* _PROBLEM DESCRIPTION_: With pictures omitted, restate the data word for word.

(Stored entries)
▼▼▼

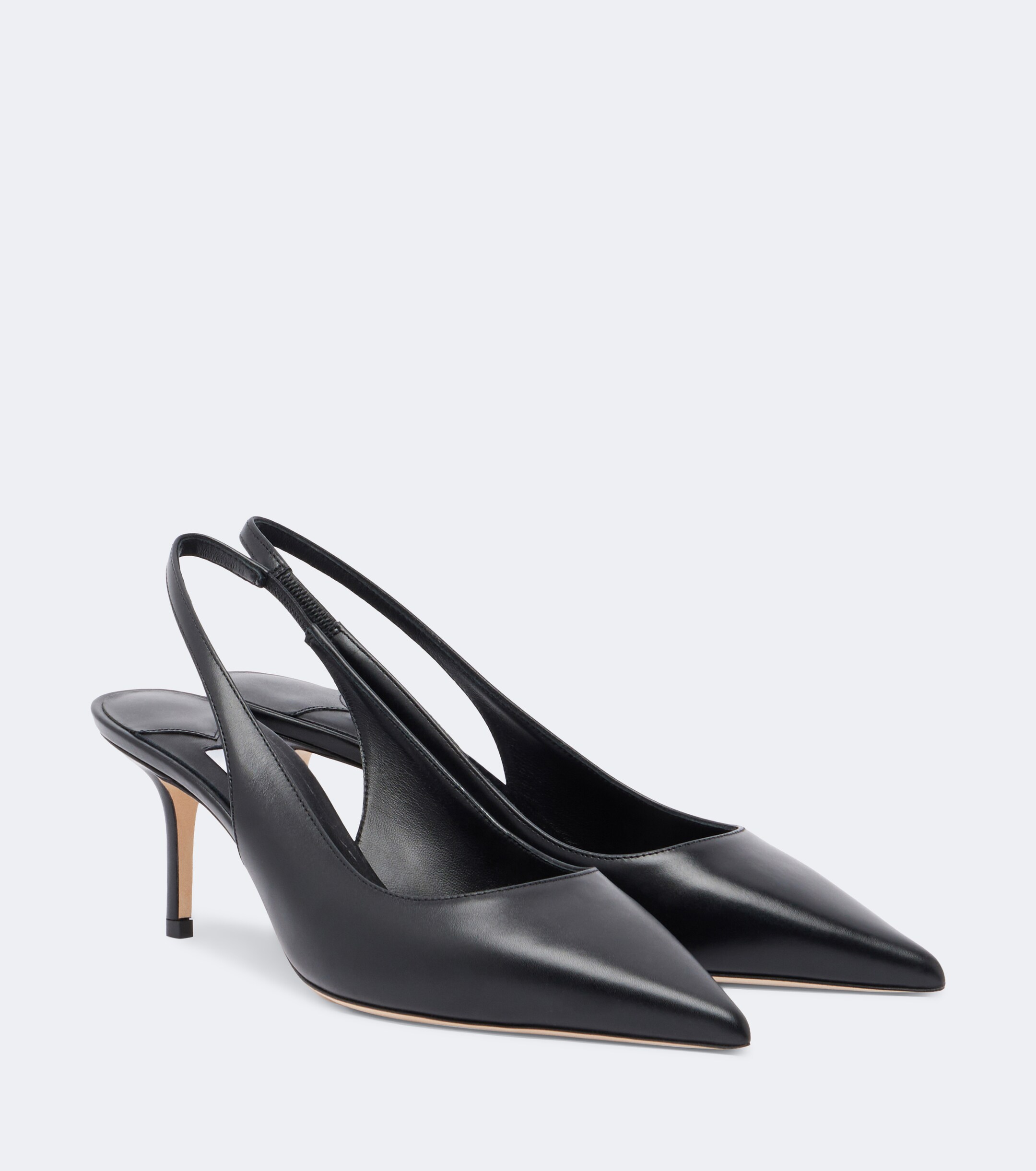 JIMMY CHOO Jimmy Choo Love leather slingback pumps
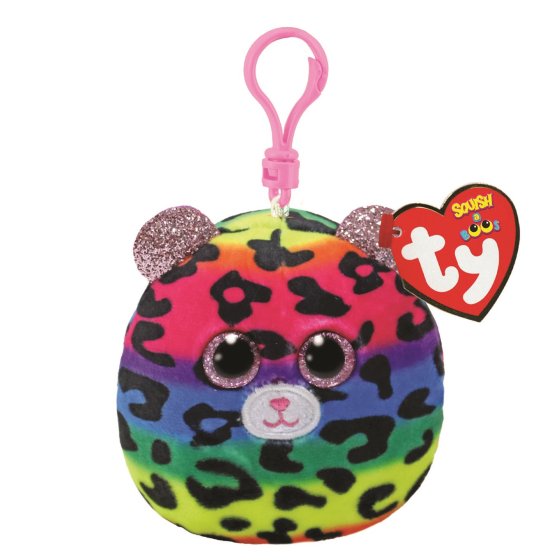 TY Beanie - Dotty Leopard Squishy Clip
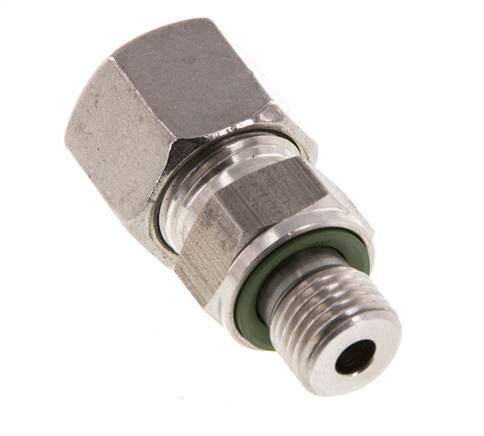 G 1/4'' Außengewinde x 10S Gerader Schneidring aus Edelstahl mit FKM-Dichtung 630 bar DIN 2353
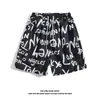 Verano Playa Hombres Delgado Abrigo Suelto Deporte Casual Pantalones Cortos Pantalones Cortos Calle Alta Suelto Moderno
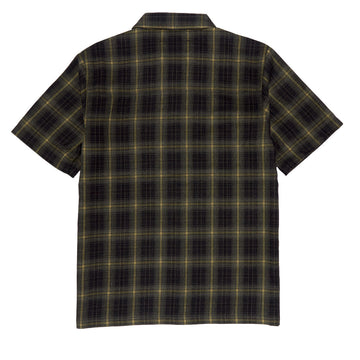 Independent Belmont Short Sleeve Flannel Shirt - Black/Tan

▲▲▲

* _EXERCISE ANSWER_:
 JIMMY CHOO Jimmy Choo Love leather slingback pumps
 TY Beanie - Dotty Leopard Squishy Clip
 G 1/4'' Außengewinde x 10S Gerader Schneidring aus Edelstahl mit FKM-Dichtung 630 bar DIN 2353
 Verano Playa Hombres Delgado Abrigo Suelto Deporte Casual Pantalones Cortos Pantalones Cortos Calle Alta Suelto Moderno
 Independent Belmont Short Sleeve Flannel Shirt - Black/Tan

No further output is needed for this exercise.